5 Men Freed From Gitmo After 13 Years

Population now down to 107
By Rob Quinn,  Newser Staff
Posted Nov 16, 2015 1:19 AM CST
5 Men Freed From Gitmo After 13 Years
A US trooper mans a machine gun in the turret on a vehicle as a guard looks out from a tower in front of the detention facility at the Guantanamo Bay Naval Base in Cuba.   (AP Photo/Brennan Linsley, File)

Five Guantanamo Bay inmates who had been held without charge for almost 14 years have been transferred to the United Arab Emirates, the Defense Department announced Sunday, marking the first time that the Gulf nation has accepted Guantanamo inmates from other countries. The men, who had been designated as enemy combatants, were lower-level detainees who were captured after the battle of Tora Bora in Afghanistan in 2001, the New York Times reports. Like dozens of other Gitmo inmates, the men are Yemeni nationals who were still in US custody because their homeland was considered too unstable to release them to, reports the AP.
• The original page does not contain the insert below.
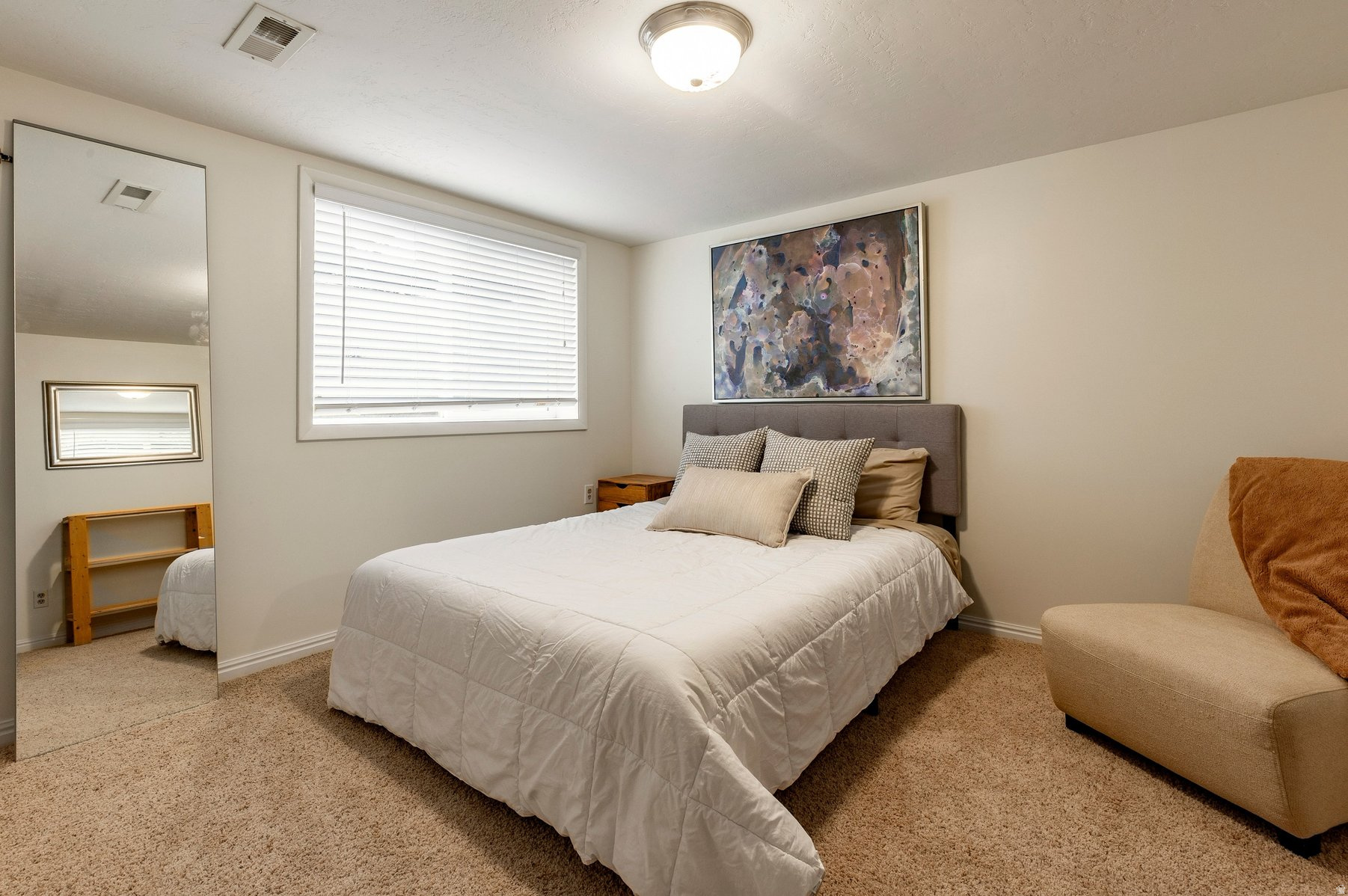 COLONIAL HILLS - Residential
There are now 107 detainees remaining at the facility, and sources tell the Times that up to 17 more transfers of lower-level detainees are in the works. The release of detainees has accelerated over the last few months as the Obama administration looks into ways of closing the facility permanently. "The administration is showing that if it wants to close Guantanamo, it can, and it can do it the right way by releasing people and stop holding them without charge," a Human Rights Watch spokeswoman tells the Washington Post. "I assume the message came down pretty clearly from the president to the secretary of defense that the time is now." (The Pentagon has been eyeing a facility in Colorado as a possible future home for Guantanamo inmates.)